I made these little treats as the dessert for our citrus-themed Friday Night Dinner and they were a hit! We seriously just sat outside passing the box around the table eating them. It was great!
I made my own lemon curd for the filling (we’ve been making it in class, so I figured I’d whip some up at home) but if you would rather buy the curd instead of making it, that will totally work too.
These bite size little treats are a lemon explosion! There is lemon zest in the shells and you bite into the macaron and hit the lemon curd and BOOM!, more lemon. I’m literally trying not to drool all over my keyboard as I write this. They were gooood.

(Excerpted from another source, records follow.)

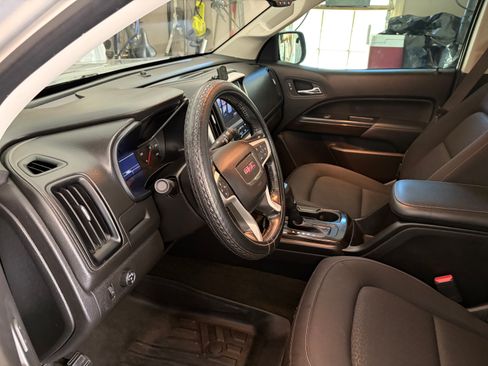 Used 2017 GMC Canyon SLE w/ Trailering Package image 29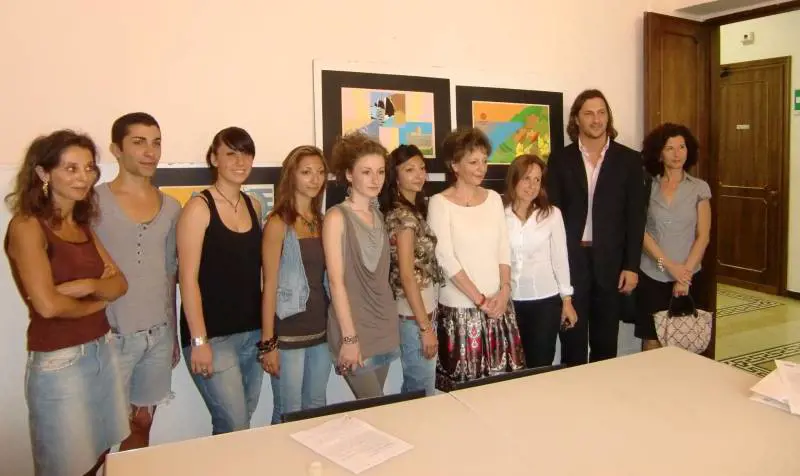 Gli studenti disegnano i biglietti da visita dei Comuni spezzini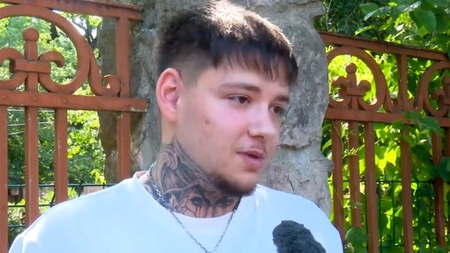 Acest elev din Craiova, tatuat până-n gât, nu a putut da Bacalaureatul în vară, pentru că a rămas corigent la limba franceză: "M-am certat cu profesoara!". Ce zice că a făcut acum, în sesiunea de toamnă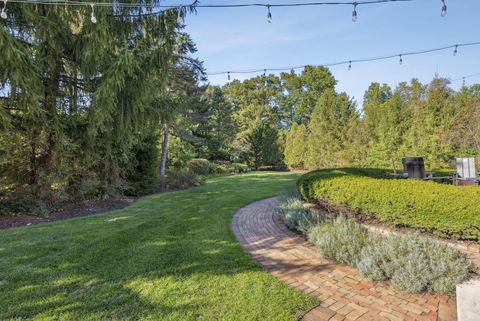 Tiny photo for 1 Bottomley Crescent, New Albany, OH 43054 (MLS # 226004322)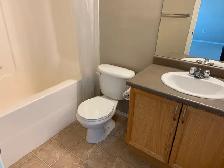 Rutherford Duplex for Rent! Close to school and the airport! - Photo 9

This recipe is different from my others because it isn’t in cups. I was talking with an instructor at my school and he said because macaron making is so precise, it’s better to use grams as the measurement for the shells. The lemon curd is in ounces because its a recipe from my class and that’s how it was given to us. I bought a cheap digital scale from Target (you don’t need anything fancy, just something that will work) and I’m pretty sure it will become a very well-used appliance in my kitchen.

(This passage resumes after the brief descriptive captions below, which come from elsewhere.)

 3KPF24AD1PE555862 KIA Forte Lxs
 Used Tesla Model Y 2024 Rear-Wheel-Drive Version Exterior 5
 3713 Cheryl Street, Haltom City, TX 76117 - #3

I used gel food colouring to make the shells yellow because it was what I had on hand, but if you can get your hands on some powdered food colouring I would recommend that. The gel colours get darker as they cook so these didn’t end up being the bright, vibrant yellow I had envisioned. It was more of a golden, sunset yellow which was fine just not what I was looking for.

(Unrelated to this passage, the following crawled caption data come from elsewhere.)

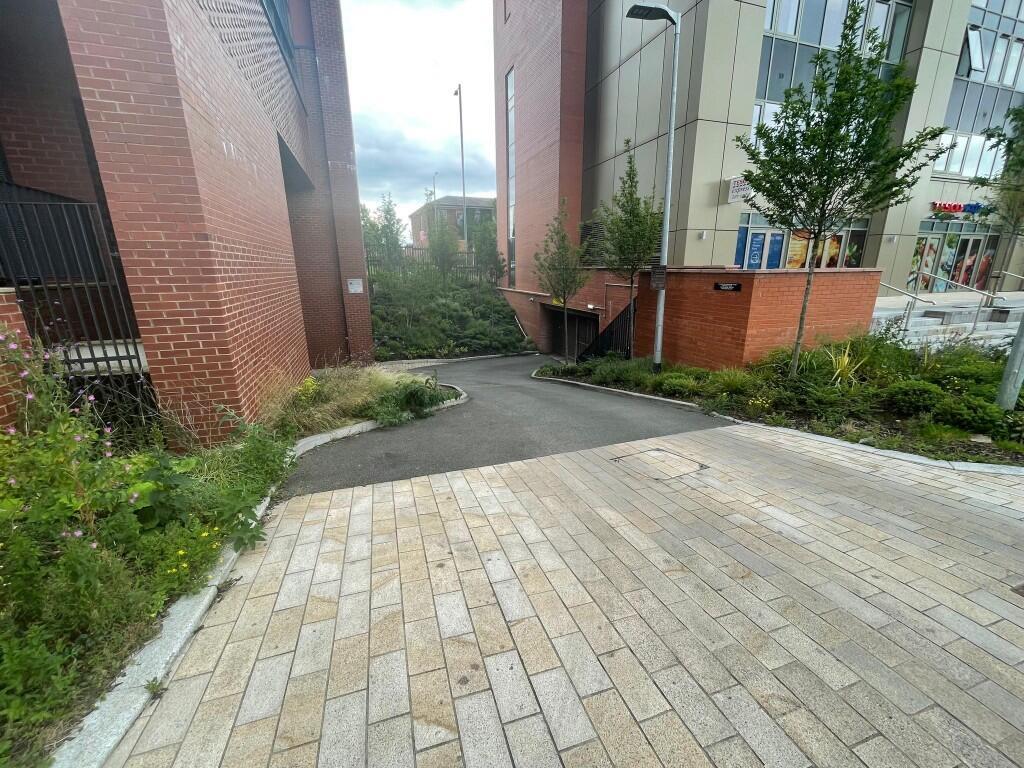Castlegate Apartments, Chester Road, Manchester photo 5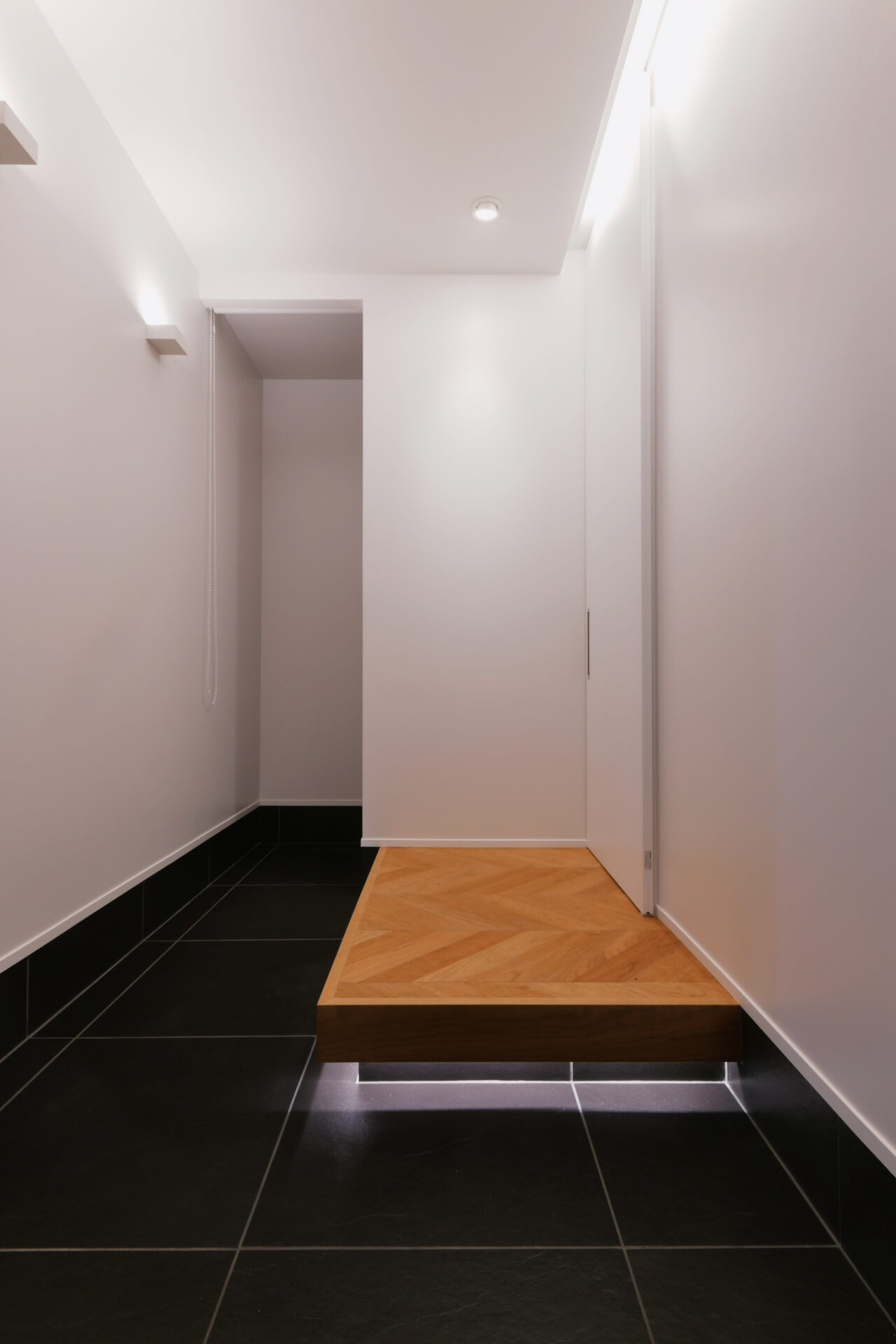 大人が‟はしゃぐ家”。思い出の戸建てを自分たちらしくデザインし、第二の居場所に。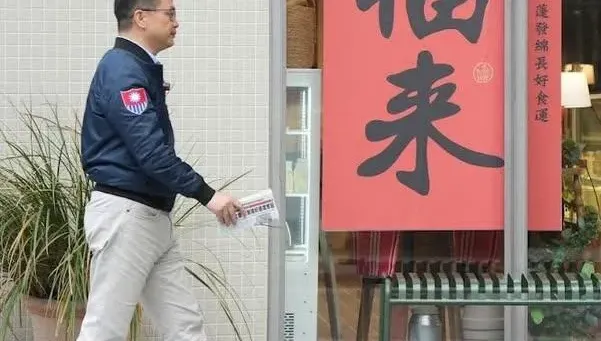 「百萬步走大安」遇民眾飆三字經　羅智強：祝你有美好的一天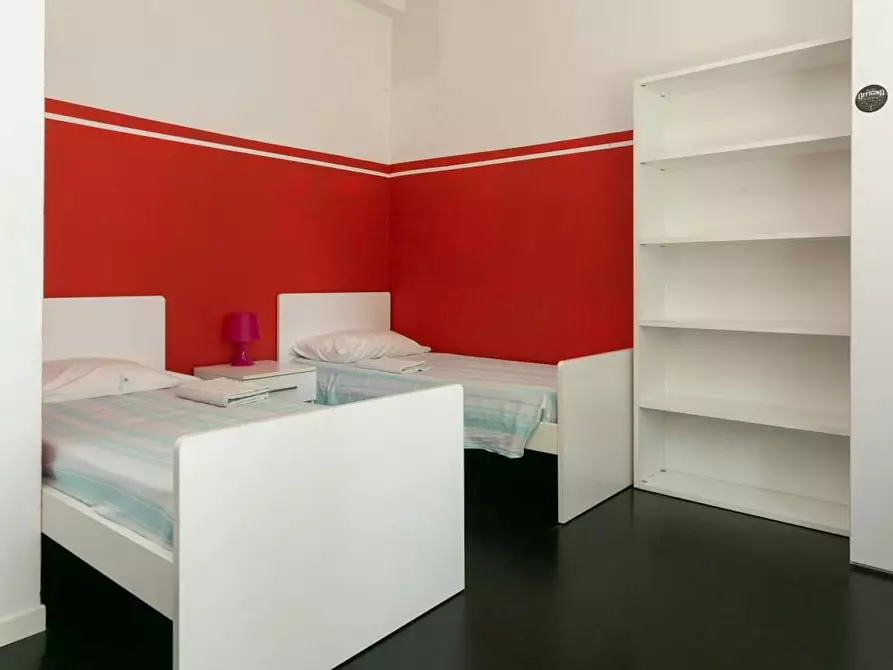 Immagine 2 di Camera condivisa in affitto  in Viale Liguria a Milano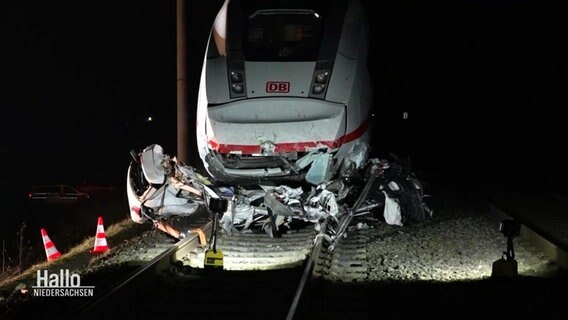 Ein Auto liegt zerstört unter einem ICE © Screenshot 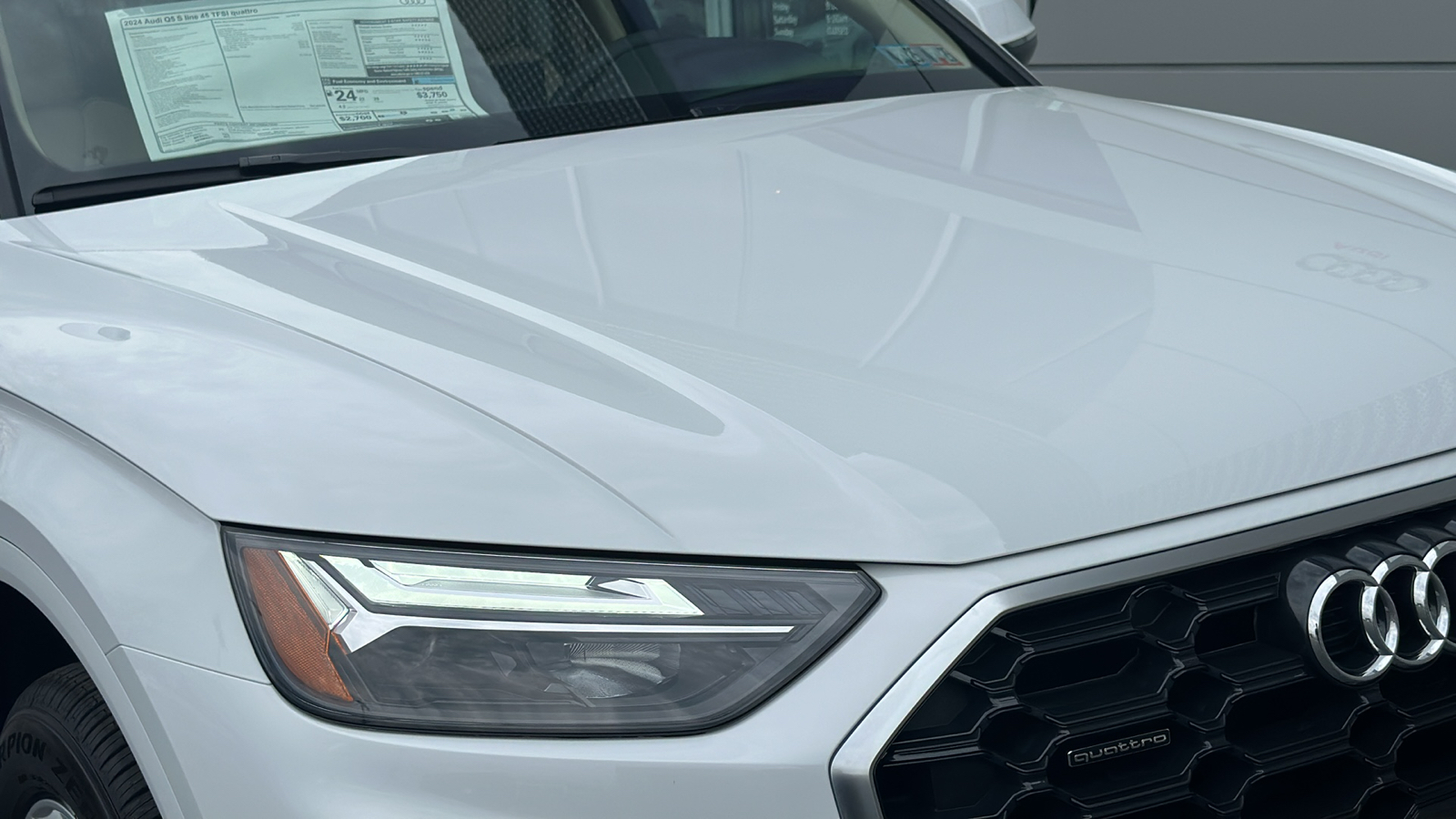 2024 Audi Q5 45 S line Premium 2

The lemon zest needs to be completely dried out before you use it. If you can leaving the zest to dry out overnight is ideal but as long as it can sit for 2-3 hours you should be fine. The egg whites will also produce a macaron if they’re left out overnight but if you can’t they only need about 30 minutes to reach room temperature.
Now the curd. It’s a pretty straightforward process. The only thing you have to be careful with is tempering the eggs with the hot lemon juice. When you temper the eggs you are pouring the hot lemon juice into the egg-sugar mixture. This needs to be done slowly, whisking as you pour in the liquid, so the eggs don’t scramble. There is nothing worse than scrambled egg lemon curd. Yuck. I pour in a little lemon juice at a time, whisk it together, then add it little by little, continuously whisking, until all of the juice has been incorporated. If you can get the down, the rest of the curd making process is easy.